① 学問や技芸・武術などに励み、それをみがくこと。「—を積む」「武者—」

② 生理的欲求を禁じて精神および肉体を鍛錬することにより、精神の浄化や神的存在との合一を得ようとする宗教的行為。

③ 《仏》戒律を守ったり、悟りを開くために特定の宗教的行為を行なって、仏の教えを実践すること。仏道に励むこと。→修業(補説欄)


The word 修業 is used for something you can complete/graduate/master. This is why we use 卒業 to express a graduation from something. I think we never use 卒行 in this situation. At least I have never seen 卒行 in my life.

On the other hand, the word 修行 is used for something you can not complete.

Thus, when you say

Karate is a lifelong pursuit.

修行 does fit well because it's a lifelong one.

Unfortunately, the reason why Gichin Funakoshi used 修業 in his Nijū kun is not known well. Might be he wanted to emphasize the technical aspect of Karate you can master (instead of the mental aspect). [1]

[1] http://dspace.lib.kanazawa-u.ac.jp/dspace/bitstream/2297/11817/1/AA11546136-11-bittmann.pdf (Japanese)


I am a novice in this language, but i can say that, basically:

  • 業 means "act" or "deed"
  • 行 means "to go" or simply "go"

So, depending on the context/the way the phrase is formed, it could be used interchangeably.

Any more experienced can correct me if im wrong.


From what I can see on jisho.org:
修業{しゅうぎょう} is pursuit of knowledge; studying; learning; training; completing a course
修行{しゅぎょう} is training; practice; discipline; study.

From the definitions I would imagine that no, they are don't mean the exact same thing on their own, but perhaps in context as Erakk said, they might be able to be used interchangeably.

That being said, in the context of the precept, I would say that the former applies more closely. At least from my understanding of doctrines in English, something like this would be similar to saying that one is always a student, so to say it is a lifelong pursuit of mastery (knowledge/understanding). The latter seems to fit better for something that isn't necessarily lifelong.

In addition I would say that whichever you use would be understood, and perhaps the latter is a contemporary version.
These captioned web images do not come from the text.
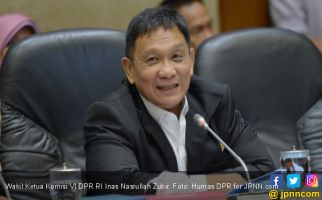 Prabowo Buka Baju di Depan Pendukungnya, Inas: Ini Capres apa Penari Striptis? - JPNN.com
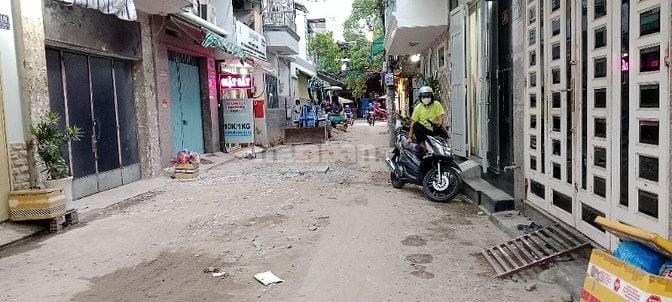 Nhà xe hơi đỗ cửa, 5x11m trệt 1 lửng 2 PN nhà mới đẹp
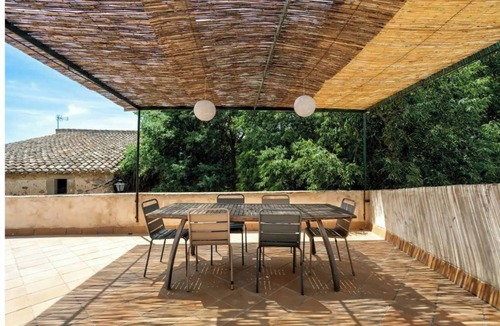Pins House | Rustic house in a private estate in Vilopriu. Pool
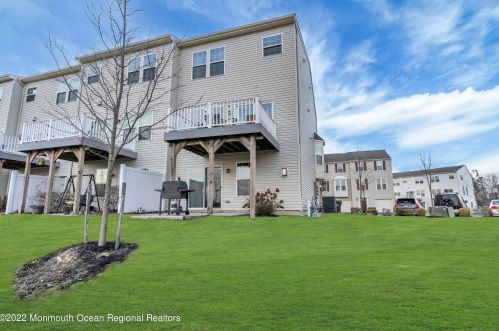 80 Kyle Dr, Tinton Falls NJ 07712-7535 exterior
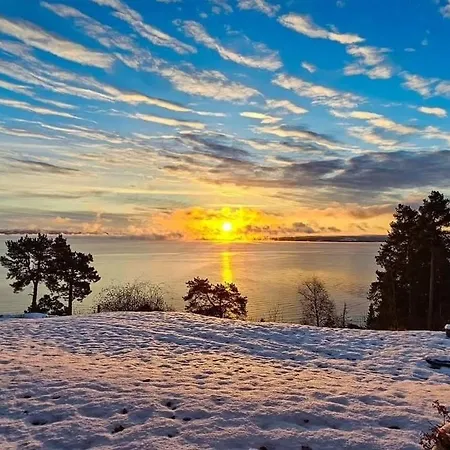 Lovely Sea View In Modern Family House! Steinkjer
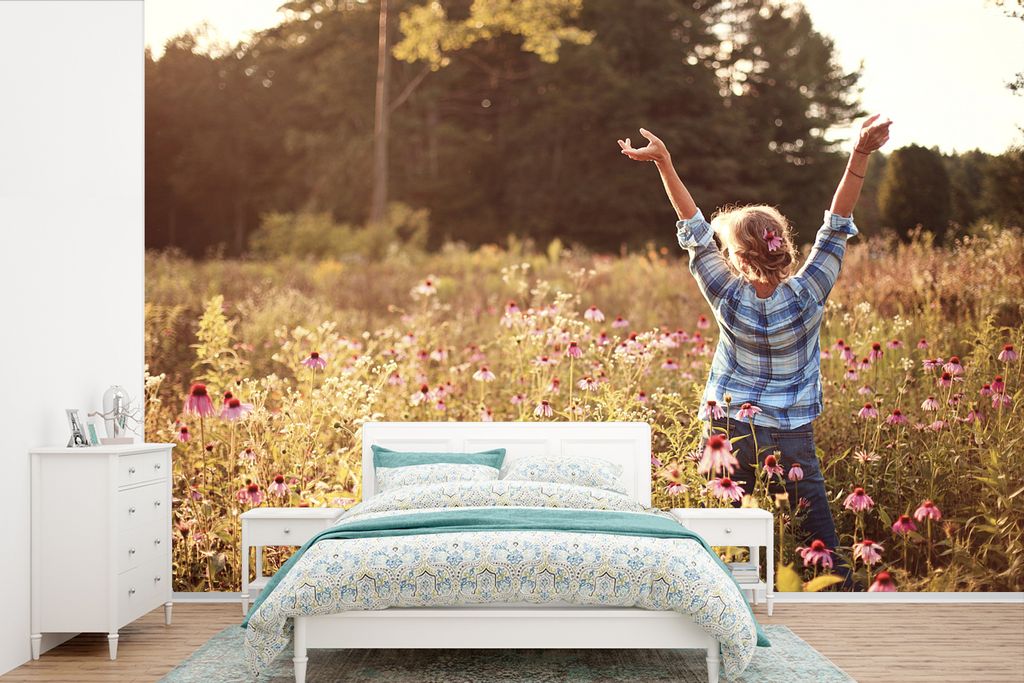 MuchoWow Fototapete für Wohnzimmer oder Schlafzimmer Wandtapete Vinyl Motivtapete Frau - Blumen - Frühling - 450x300 cm - Gemusterte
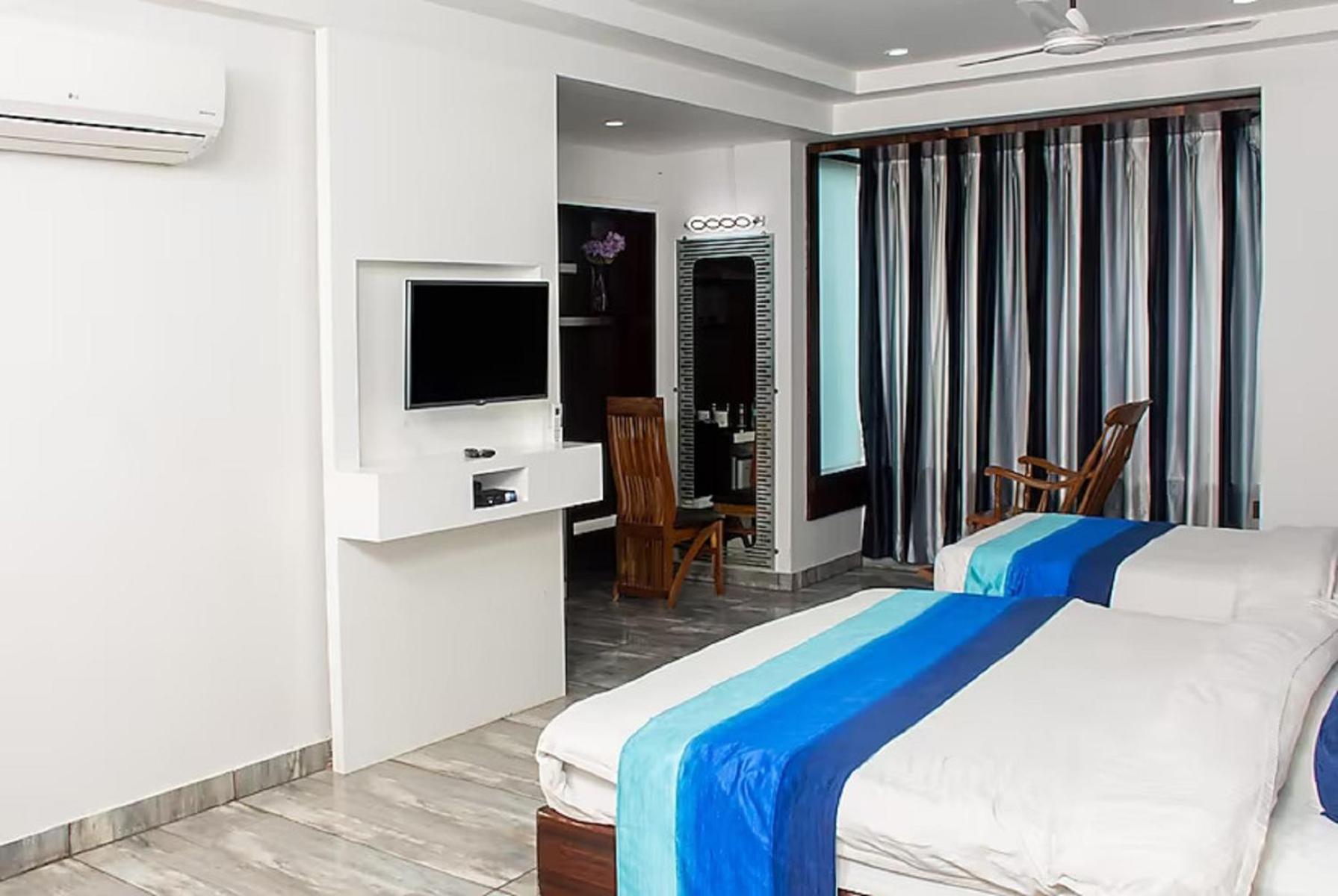 Hotel Sgt Plaza Варанаси Екстериор снимка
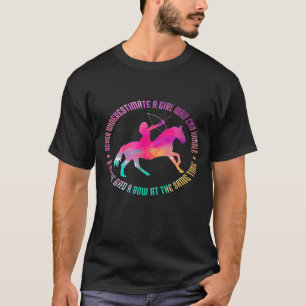 T-shirt Une Fille Qui Peut Manipuler Un Cheval Et Une Bow 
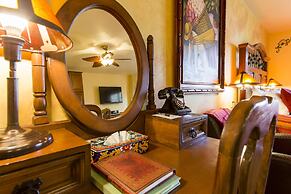 Avila La Fonda Hotel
If there's someone who disagrees with or has something to add to/revise my interpretation please make a comment, I'd like feedback.

  • 2
    Feedback: For subtle differences between two seemingly interchangeable expressions, looking at their entries in WWWJDIC (e.g. on jisho.org) is usually not enough to get a good understanding of the difference. Also, you wrote しゅうぎょう for 修業, but it can also be しゅぎょう.
    – Earthliŋ
    Commented Jul 27, 2015 at 16:48
  • @Earthliŋ On the point of using two words that are close together, that's good to know for the future. Are there any online resources that do not use WWWJDIC? Also on the point of しゅうぎょう and しゅぎょう, is there any way to indicate with furigana that there are two (slightly) different pronunciations, and if not do you have a suggestion on how to otherwise represent that there are multiple?